The heavy noise is another problem, the movie has a first pass size of 3 to 4 Gb depending on the settings and I tried to encode it with XviD, DivX3.11, MPEG2 and I even tried DivX5.01. The best method to my surprise was to use the denoising, sharpening and especially deblocking filters of TMPEG. Can I somehow simulate those filters with other avisynth filter combinations... This would be great because the movie needs to look really good on 2 AVI CDs if possible (2 SVCDs look horrible and 3 are too many). I'm talking about the NaturalBornKillers PAL DVD including the 6 outtaken scenes (142min33sec altogether). So if anyone knows those denoising tricks, please tell me, I don't. I also have to mention that the movie has a lot of scens that are supposed to look noisy because they're on a TV screen. Using TemporalSmoother on it makes the noise look worse, well, let's say different, but as I said TMPEG filters worked pretty good, so please tell me to simulate them. I'll try to post some screenshots soon.

trbarry
14th June 2002, 16:08
SeparateFields
SelectEven/SelectOdd/Decimate(2)
ResizingFilter(x,2y)


crOOk -

I can't help you with your noise filters but I am curious why folks upsize before encoding. Is it a limitation how you intend to display the final file? If you were going to be displaying it on something like Zoom Player with a scaling hardware overlay it seems the file would be much smaller if you just left out the resize step and adjusted the aspect ratio on the fly at playback. Or is this for SVCD or something that requires the proper aspect ratio?

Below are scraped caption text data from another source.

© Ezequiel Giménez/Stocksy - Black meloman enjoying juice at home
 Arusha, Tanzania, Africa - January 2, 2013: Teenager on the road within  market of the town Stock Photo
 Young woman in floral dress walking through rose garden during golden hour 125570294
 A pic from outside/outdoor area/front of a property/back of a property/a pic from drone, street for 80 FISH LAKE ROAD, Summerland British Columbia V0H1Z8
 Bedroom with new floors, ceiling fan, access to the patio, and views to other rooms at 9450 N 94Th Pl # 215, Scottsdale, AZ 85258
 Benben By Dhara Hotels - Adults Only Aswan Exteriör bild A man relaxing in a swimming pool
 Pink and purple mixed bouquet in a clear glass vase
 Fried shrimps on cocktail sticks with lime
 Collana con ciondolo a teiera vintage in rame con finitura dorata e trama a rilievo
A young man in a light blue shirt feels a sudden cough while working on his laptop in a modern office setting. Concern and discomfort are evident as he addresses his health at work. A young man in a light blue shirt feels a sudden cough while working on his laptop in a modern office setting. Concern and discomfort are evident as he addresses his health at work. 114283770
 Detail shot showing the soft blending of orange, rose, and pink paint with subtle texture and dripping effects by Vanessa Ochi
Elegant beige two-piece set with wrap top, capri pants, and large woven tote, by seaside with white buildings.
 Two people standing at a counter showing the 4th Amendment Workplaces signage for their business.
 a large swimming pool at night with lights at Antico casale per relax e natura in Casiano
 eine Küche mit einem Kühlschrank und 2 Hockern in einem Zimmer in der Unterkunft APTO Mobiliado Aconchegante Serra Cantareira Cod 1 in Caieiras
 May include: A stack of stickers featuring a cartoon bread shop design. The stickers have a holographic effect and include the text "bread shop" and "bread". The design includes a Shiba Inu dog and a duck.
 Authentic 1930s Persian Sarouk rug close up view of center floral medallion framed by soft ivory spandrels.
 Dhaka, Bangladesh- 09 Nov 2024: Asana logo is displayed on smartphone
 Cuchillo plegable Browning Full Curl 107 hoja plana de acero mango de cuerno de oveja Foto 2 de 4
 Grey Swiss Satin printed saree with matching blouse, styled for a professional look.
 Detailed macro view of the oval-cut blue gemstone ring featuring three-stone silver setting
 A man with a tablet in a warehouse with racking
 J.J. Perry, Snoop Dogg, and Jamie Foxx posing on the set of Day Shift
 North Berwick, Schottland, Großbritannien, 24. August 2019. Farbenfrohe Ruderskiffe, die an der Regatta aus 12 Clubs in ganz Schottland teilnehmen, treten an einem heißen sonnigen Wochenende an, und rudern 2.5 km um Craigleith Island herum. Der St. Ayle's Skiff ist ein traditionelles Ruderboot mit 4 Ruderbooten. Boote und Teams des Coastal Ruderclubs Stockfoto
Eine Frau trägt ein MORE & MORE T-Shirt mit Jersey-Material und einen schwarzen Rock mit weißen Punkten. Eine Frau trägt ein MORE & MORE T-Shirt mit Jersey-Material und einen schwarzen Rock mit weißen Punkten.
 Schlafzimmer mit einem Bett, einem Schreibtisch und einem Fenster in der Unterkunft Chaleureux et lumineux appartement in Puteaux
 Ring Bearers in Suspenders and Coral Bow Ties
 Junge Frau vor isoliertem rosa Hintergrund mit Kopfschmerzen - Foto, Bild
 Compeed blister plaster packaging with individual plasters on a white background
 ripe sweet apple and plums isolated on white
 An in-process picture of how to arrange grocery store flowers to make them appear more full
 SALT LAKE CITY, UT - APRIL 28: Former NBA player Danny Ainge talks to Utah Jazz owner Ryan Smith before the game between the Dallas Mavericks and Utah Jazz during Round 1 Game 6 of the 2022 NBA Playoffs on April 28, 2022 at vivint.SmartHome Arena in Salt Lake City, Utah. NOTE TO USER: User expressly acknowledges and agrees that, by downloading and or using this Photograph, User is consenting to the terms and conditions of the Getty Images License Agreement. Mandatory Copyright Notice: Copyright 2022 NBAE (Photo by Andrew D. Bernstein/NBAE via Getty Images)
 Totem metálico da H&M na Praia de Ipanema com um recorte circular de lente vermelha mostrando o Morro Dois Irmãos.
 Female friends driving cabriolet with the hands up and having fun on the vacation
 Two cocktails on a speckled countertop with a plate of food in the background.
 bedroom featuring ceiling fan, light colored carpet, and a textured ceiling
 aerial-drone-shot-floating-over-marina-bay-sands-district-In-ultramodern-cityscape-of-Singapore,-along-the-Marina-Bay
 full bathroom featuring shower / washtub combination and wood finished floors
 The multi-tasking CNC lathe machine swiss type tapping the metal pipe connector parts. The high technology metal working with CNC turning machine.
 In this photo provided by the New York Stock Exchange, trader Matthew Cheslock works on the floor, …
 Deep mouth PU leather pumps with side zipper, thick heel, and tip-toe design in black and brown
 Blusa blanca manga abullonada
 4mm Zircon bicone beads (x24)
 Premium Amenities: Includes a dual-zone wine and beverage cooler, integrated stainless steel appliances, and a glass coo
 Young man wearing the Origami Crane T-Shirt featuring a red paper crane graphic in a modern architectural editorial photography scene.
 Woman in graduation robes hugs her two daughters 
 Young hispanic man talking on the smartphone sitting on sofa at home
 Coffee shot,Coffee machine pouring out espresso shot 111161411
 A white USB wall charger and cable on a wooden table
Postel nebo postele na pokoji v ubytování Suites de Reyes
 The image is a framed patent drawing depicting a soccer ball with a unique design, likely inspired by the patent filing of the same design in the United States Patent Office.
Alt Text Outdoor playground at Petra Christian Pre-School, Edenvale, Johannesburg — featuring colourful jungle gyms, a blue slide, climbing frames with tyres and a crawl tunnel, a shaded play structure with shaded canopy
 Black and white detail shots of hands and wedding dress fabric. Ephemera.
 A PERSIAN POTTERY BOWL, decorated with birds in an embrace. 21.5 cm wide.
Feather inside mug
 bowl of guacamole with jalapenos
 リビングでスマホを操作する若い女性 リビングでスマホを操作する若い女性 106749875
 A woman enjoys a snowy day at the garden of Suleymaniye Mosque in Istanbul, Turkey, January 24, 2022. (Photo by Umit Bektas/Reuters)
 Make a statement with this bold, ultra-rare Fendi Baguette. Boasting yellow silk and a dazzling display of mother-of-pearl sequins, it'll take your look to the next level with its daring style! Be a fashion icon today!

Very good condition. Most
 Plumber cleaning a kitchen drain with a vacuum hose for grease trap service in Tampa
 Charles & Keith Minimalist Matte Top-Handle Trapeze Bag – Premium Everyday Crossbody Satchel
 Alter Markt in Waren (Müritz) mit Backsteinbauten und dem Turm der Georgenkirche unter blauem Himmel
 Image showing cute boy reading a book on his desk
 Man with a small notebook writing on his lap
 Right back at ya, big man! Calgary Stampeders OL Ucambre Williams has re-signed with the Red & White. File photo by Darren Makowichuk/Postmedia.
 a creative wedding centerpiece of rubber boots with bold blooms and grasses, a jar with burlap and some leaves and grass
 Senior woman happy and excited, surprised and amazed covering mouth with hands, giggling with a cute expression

Please excuse if this is an obvious or dumb question. ;)

- Tom

crOOk
14th June 2002, 17:22
I just encoded the movie again and this time didn't resize it before encoding at all (I actually left the resolution at 704*216 so there would be no change (decrease!) in width either). This way I can use 124% of the resolution and still reach 85% of the file size in the other try.
WEll, I still realize why there are some "folks" who don't resize their movies after encoding. These folks know that most other folks who are not into the whole video encoding thing and just enjoy watching movies don't even know that something like Zoom Player, which I use, too, exists or they don't know or want to use it (too lazy, used to vhs etc.). BUT... there are other folks like me whose card doesn't support hardware overlays (Kyro2, my cpu is still strong enough to do the resizing though).